Теперь Журанкову казалось, что все связанное с бывшей женой осталось там же, где и “Звезда КЭЦ”. Далеко в детстве. И сама Катька стала сродни “Звезде КЭЦ” - встречаться нельзя, нет уже места в нынешней жизни всему, что так будоражило и вдохновляло, но в памяти - только восхищение и умиление. Ничего кроме.
Ему до сих пор ее не хватало.
Ему до сих пор хотелось сделать ей что-нибудь хорошее.
Ах, да что там. Ну, разлюбила. Любила и разлюбила, бывает. Дело житейское. Любовь - такая странная штука, что, если человек кого-то разлюбил, нельзя считать его по этой причине хуже, чем он прежде казался. Может, даже наоборот. Разлюбить и уйти, не оглядываясь, куда честнее, чем разлюбить и все равно волочь на горбу постылый, убийственный для души - да и для тела! - совместный, но вчуже быт.

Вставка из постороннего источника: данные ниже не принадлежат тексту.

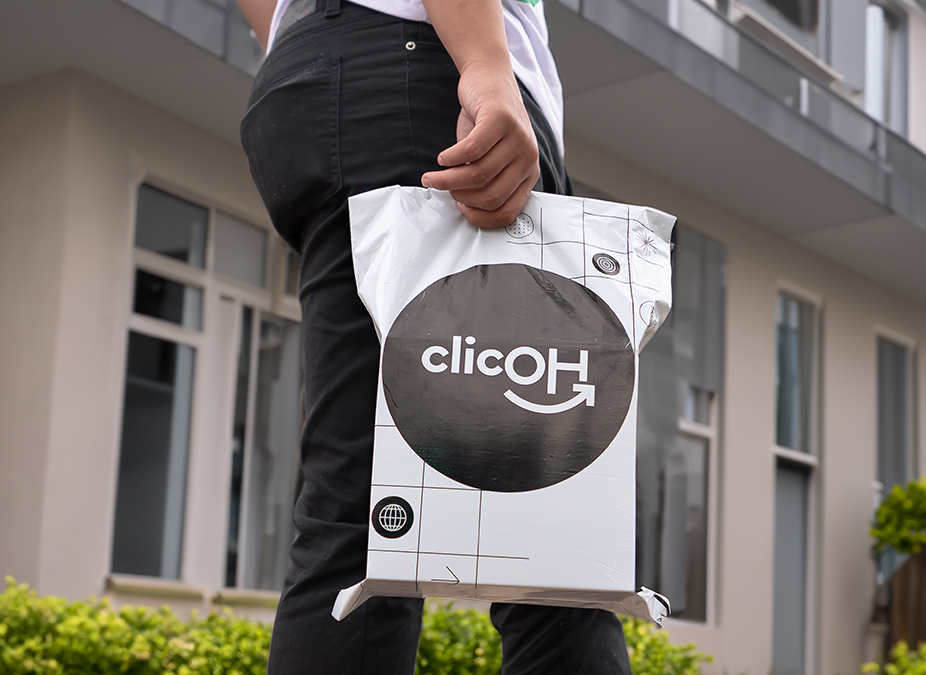 clicOH Fulfillment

Не хотелось думать о том, что ее честность как-то уж очень совпала по времени с крахом его работы, со стремительным обнищанием… Нельзя так думать о женщине, о которой всю юность мечтал, с которой потом прожил годы и годы… Нельзя. Совпало и совпало, мало ли в жизни совпадений.
А кроме того, потребность в материальном достатке тоже дело житейское. Никакого криминала.
Грех сказать, но по сыну он так не скучал. В последнее время уже, пожалуй, совсем не скучал. Почти. Может, дело в том, что слишком уж маленьким тот был, когда все кончилось. Не успел стать ни единомышленником, ни собеседником, ни даже кандидатом в собеседники. Конечно, Журанков учил его ходить на лыжах - дошло даже до совместных семенящих пробежек по таинственным глубинам Александровского парка, и в шахматы учил играть, и ночей не спал, сам не свой от тревоги, то и дело меряя Вовке температуру проверенным поколениями способом - прижимаясь щекою или губами ко лбу спящего дитяти… И уж совсем на заре эпохи с прибаутками ворочал утюгом - гладил пеленки… Да что говорить, запах младенца навсегда стал для него символом домашнего уюта. Долго еще парочки, гуляющие без коляски, всего лишь вдвоем, казались ему впустую транжирящими драгоценное время бездельниками, некомплектными и неполноценными.